Predicting Family Homelessness Using Machine Learning
*Names in bold indicate Presenter
To address these challenges, we assemble a novel administrative data set of disadvantaged New Yorkers and predict family shelter stays using a variety of machine learning algorithms and predictors based on benefits history, demographics, shelter histories, housing court interactions such as evictions, and building and neighborhood characteristics. Our models demonstrate considerable predictive accuracy, identifying the riskiest ten percent of actual shelter applicants with 66 percent precision and the riskiest half with 20 percent precision. We find that individual, building, and neighborhood characteristics all help predict family shelter entry and use the best predictors to develop an easily implementable heuristic risk model.
To measure the potential gains from machine learning targeting over family self-assessment, we link our sample to data from Homebase, New York City's primary homelessness prevention program. We compare the shelter risk of individuals seeking services through Homebase to those we can identify in our models.
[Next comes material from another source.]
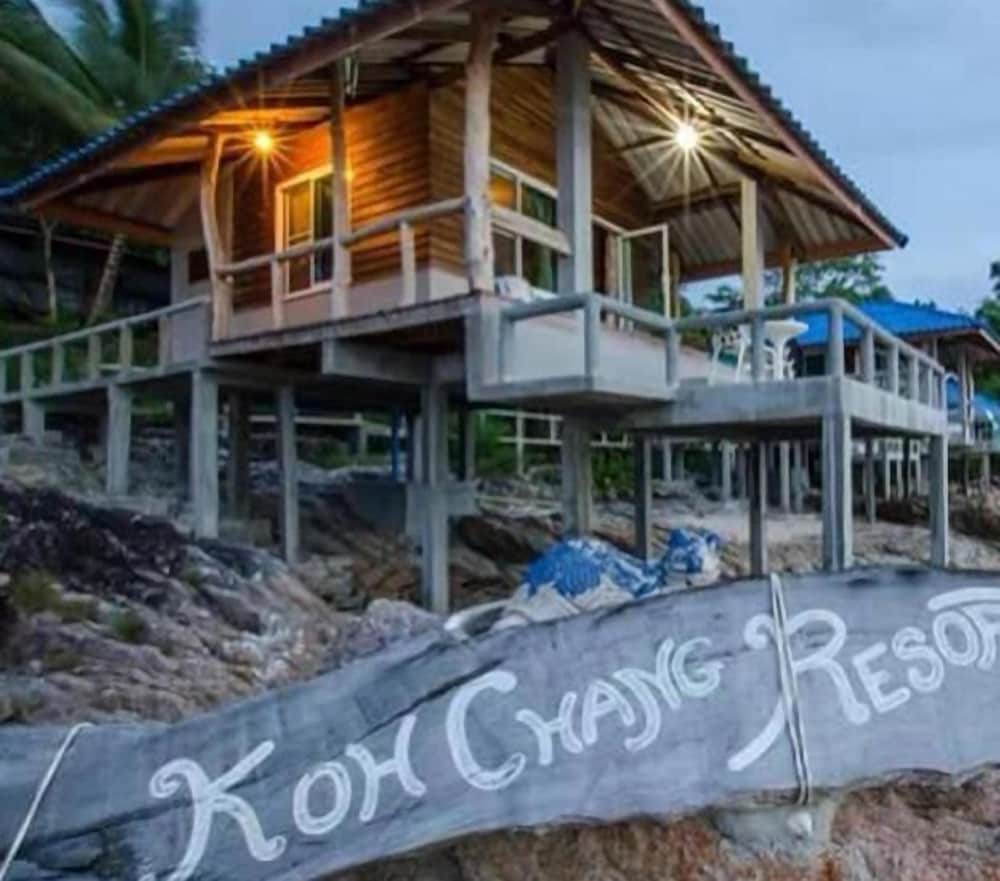 Koh Chang Resort Ranong 1/50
Combining treatment effect parameters estimated from previous work with our prediction results, we simulate the number of people prevented from shelter under the current program design and under an algorithm-directed design. At the same level of outreach, algorithmic models could increase the precision with which Homebase services are provided to at-risk families from 19 to 35 percentage points, averting almost 1,000 shelter entries over a two-year period.